This exercise also gave me my first experience with 3M's 4200 Fast Cure goop. I've chosen 4200 because 5200 is too permanent; I want to be able to undo it at a future date. All deck hardware and attachments will be sealed with 4200, and the centerboard pennant block and pin was an excellent starting point. I learned that the moniker "Fast Cure" means that it starts curing immediately after you purchase it at the chandlery. After buying the larger tube and having it solidify on me after the first application, I bought the smaller tube that has a screw cap so you can seal it back up. Much better.
After some thought on the subject, my plan for the centerboard pin was to eliminate any electrolysis caused by connecting dissimiliar metals in salt water. So I seized upon the idea of using an aluminum bushing between the centerboard and the stainless steel bolt that would hold the whole thing in place. A piece of aluminum conduit did the trick.
Here is the centerboard in its entirety followed by a closeup view of the bushing and centerpin hole. Notice also how the leading edge looks after having been rounded off.
Now came the really tricky part. After enlisting the help of my bride to install the pennant block inside the case, I was ready to put the board in. Well, let me put it this way: I was ready but the case was not. After struggling to get the board over the slot, it wouldn't go. "Doctor," I thought, "I'm feeling a severe pain in my chest." The board is 1/2" thick; the case is 3/4" wide. But my exuberance in sealing the end grain of the bottom sheet of ply made the slot much narrower. Less than 1/2". Out came my dremel tool and a-sanding I did go. Any exposed wood I had to re-seal with epoxy, so a week later I was ready to try again. This time it went in, but it soon started to bind with sounds of mangling wood. "Doctor," I thought, "Everything's fading to black!" The pennant cable shackle was not following the planned groove in the trunk (see Constr. I, barely visible in the last picture), so I had to move the attachment. Of course, more wood to re-seal. A week later a friend helped me maneuver the whole thing in place and install the pin/bushing. Then, the moment of reckoning was at hand. Slowly I let the whole thing slide down, and it did so with no complaints until it was all the way in! Well, almost, that is. It still sticks out about 3" on the aft end, probably because it is bumping into something like the pennant block guards I made. I don't mind at this point. "Doctor, I'm alive!"

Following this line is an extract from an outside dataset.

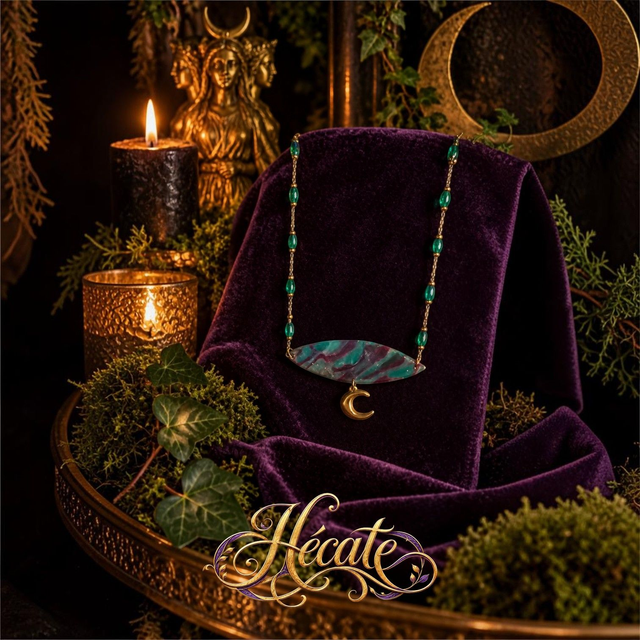Collier Lune d’Aurore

Now a side view of the centerboard in place. The block and rope is to prevent the board from allowing gravity to take its course. The board is not extended fully here as it would bump into the garage door, but you get a good idea of the intended purpose.
Another picture before the board was sent home into the trunk. Here you can see the subtle change between the barrier epoxy and the polyurethane at the waterline. It's not much more than a change of gloss, which is exactly what I wanted. There will be no bootstripe.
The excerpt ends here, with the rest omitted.